FOR a generation of African filmmakers who have had to chase financing from Los Angeles, London and Paris to tell their own stories, the ground just shifted decisively in their favour. Afreximbank, through its impact investment arm, the Fund for Export Development in Africa (FEDA), has named One Street Studios as Co-General Partner of the Pan-African Film Fund – a vehicle designed to mobilise up to US$1 billion for the continent’s film, television and immersive media industries.
The announcement, made in Cairo on 8 July 2026, is more than a financial transaction. It is a statement of intent: that African capital, marshalled by African institutions, will now stand behind African screens – funding the studios, the production infrastructure and the storytellers themselves, rather than leaving that role to financiers thousands of kilometres from the sets, sound stages and street corners where these stories are actually made.
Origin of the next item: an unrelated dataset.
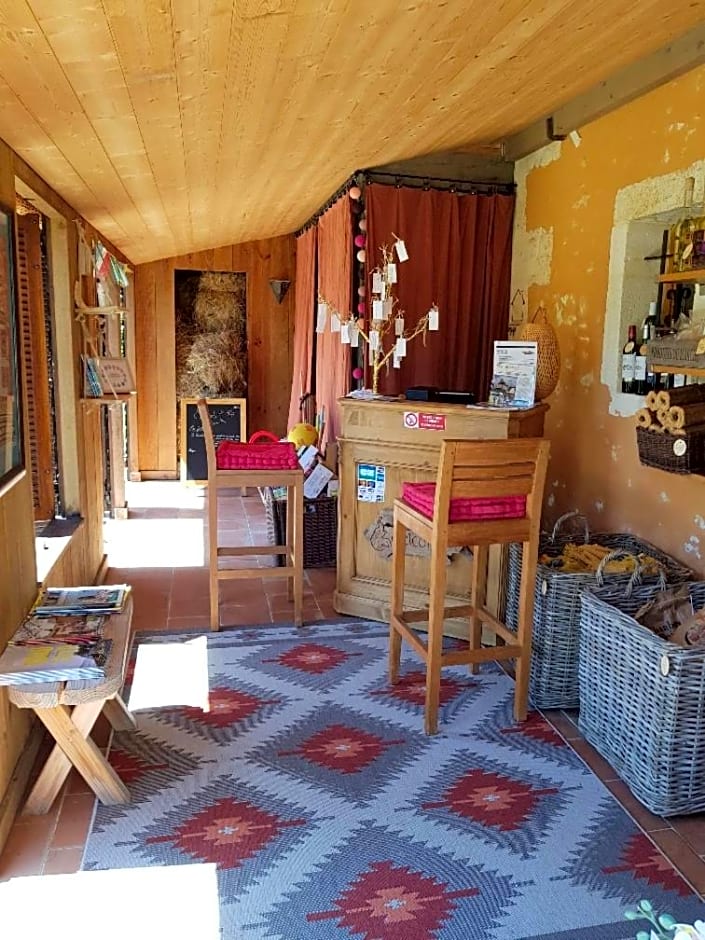 Shanti Lac Cabanes gîtes insolites et espace bien-être Bordeaux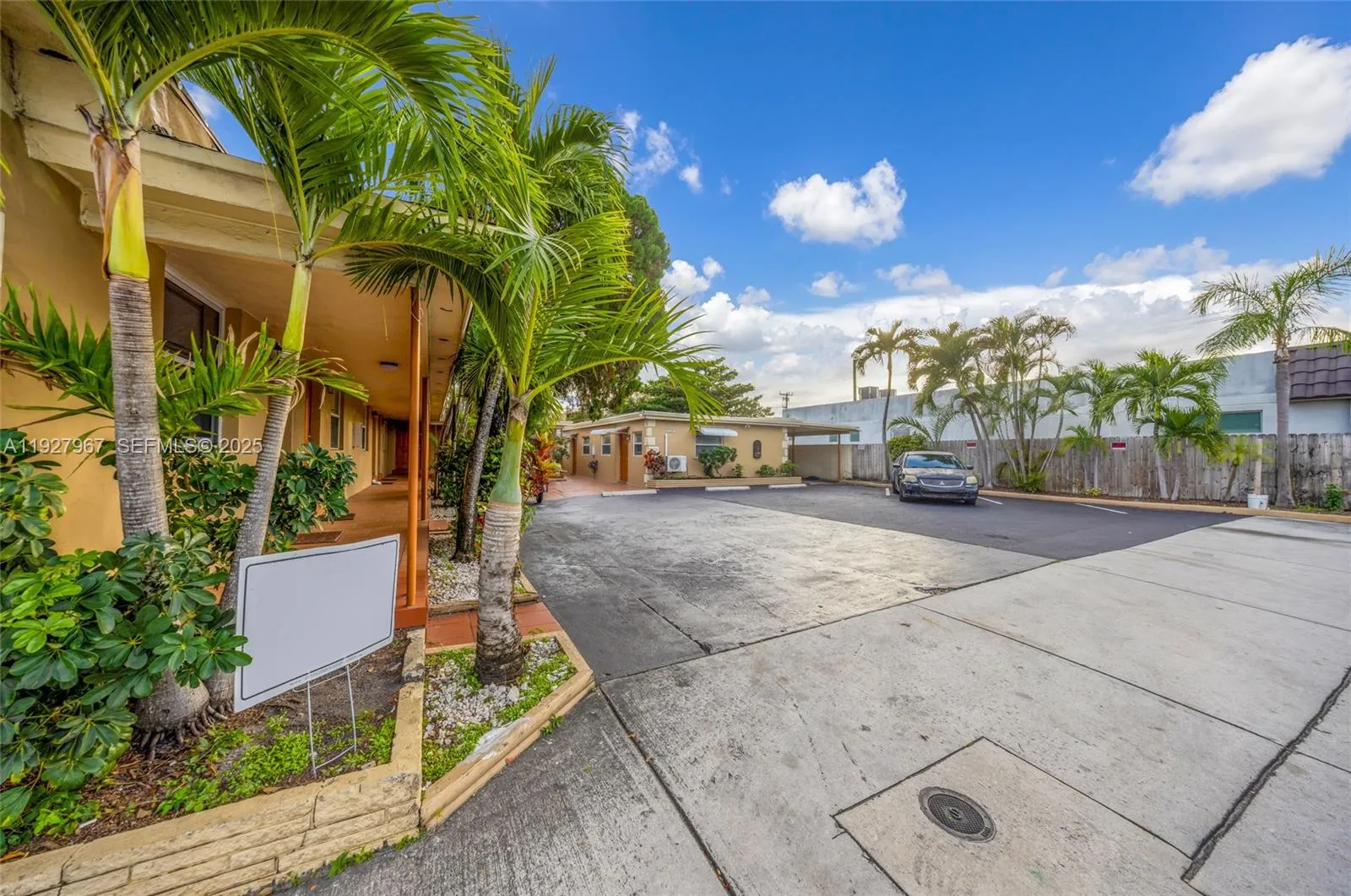6124 Pembroke Rd, Miramar FL 33023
A Fund Built for the Full Value Chain
Launched in May 2025 under Afreximbank’s Creative Africa Nexus (CANEX) programme, the Pan-African Film Fund was conceived to do what piecemeal financing never could: back the entire pipeline of African audiovisual production at scale. Under the new partnership, the Fund will deploy a blend of equity, quasi-equity and structured financing across content development and production, distribution, streaming and exhibition platforms, and the physical infrastructure – studios and post-production facilities — that the continent has long lacked.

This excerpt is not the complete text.